I have to admit, I’ve gotten fairly sick of Jezebel (and I even stopped following them on Facebook. Oooooh what will they do without me? Burn.) due to some of the festering crap published in what may sometimes be deemed their own little pop culture cesspool. Actually, it was mostly one article in particular that put me over the edge and caused me to stop paying attention, unless of course I somehow find my way there from another source (like Miss Representation, which I love and adore. Some day soon I’ll actually make it to a nearby showing of the film…).
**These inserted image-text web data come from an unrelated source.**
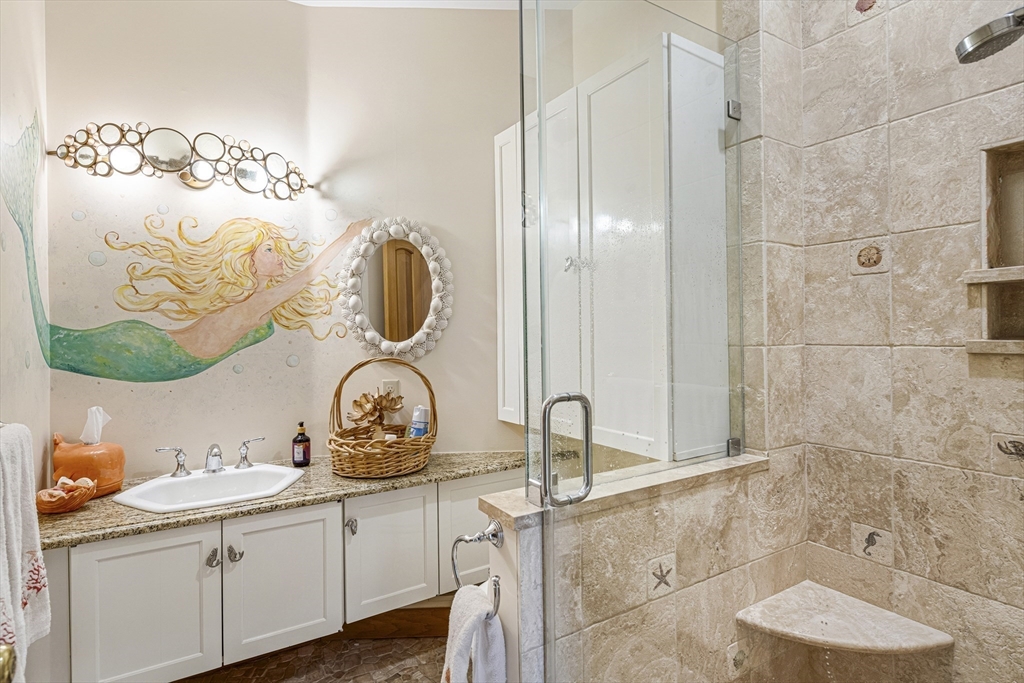 94 Howland Road Westport, MA 02790 - Photo 10 of 33 a bathroom with a sink and a mirror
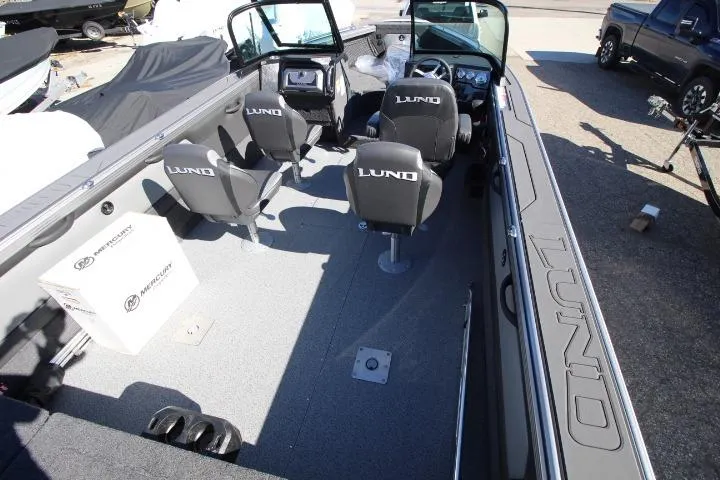 Slide: The Image of 2026 Lund 2275 Baron boat interior with four seats and Mercury box on deck. - 1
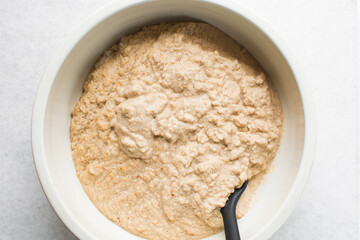 Overhead of moi moi mixture in a white ceramic bowl, top view of nigerian bean pudding being mixed, process of making nigerian moi moi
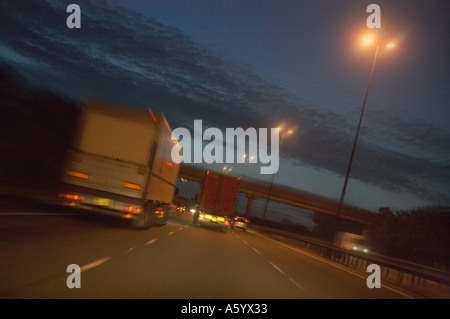 TRUCK TRAVELING AT SPEED ALONG MOTORWAY AT DUSK Stock Photo
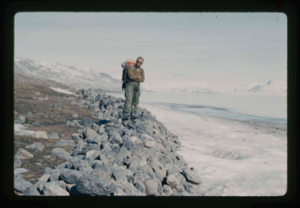 Image of Frank Maher standing on gravel pushed by Centrum Lake ice onto northwest shore.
The particular turn-off article in question was an opinion piece published by a woman in her mid-30s who was a few months post-partum, and the so-called body snarking and self-hatred were rampant. It turned my stomach and made me feel erm, well, despair. Not at the prospect of having children, but because of that reflection of the pervasive, insidious view that women, when young, are beautiful and desirable, “a tight package” (however you choose to interpret the entendre), and then: they have children. And then they fade into obscurity. Or become MILFs. And THEN fade into the background. Either way, woman as object. Woman as ornament. Woman as once useful and with perceived value, now used up and devoid of value. Retch.
On the one hand, I realize it was one woman’s experience, and self-perception, but it seemed counter to any kind of feminist, body-positive agenda they (sometimes) seem to propagate, and which is of utmost importance to me. Otherwise, it’s just more of the same schlock I can find on any drug store/grocery store magazine rack that puts PhotoShopped models on their covers, and in strange, vulnerable, servile poses. I don’t need to go on about that right now.
Not that I think there should be some overarching denial that a lot of change and really overall transformation occurs after having children, not only to one’s body. And that it is a blow to the egos of many women to suddenly be so different physically. Though arguably not permanently or unalterably or regrettably. As I said, I could go on.
Hillary Clinton, for her part, is unruffled. She told CNN, “I feel so relieved to be at the stage in my life right now. Because you know if I want ot wear my glasses I’m wearing my glasses. If I want to wear my hair back I’m pulling my hair back. You know at some point it’s just not something that deserves a lot of time and attention. And if others want to worry about it, I let them do the worrying for a change.”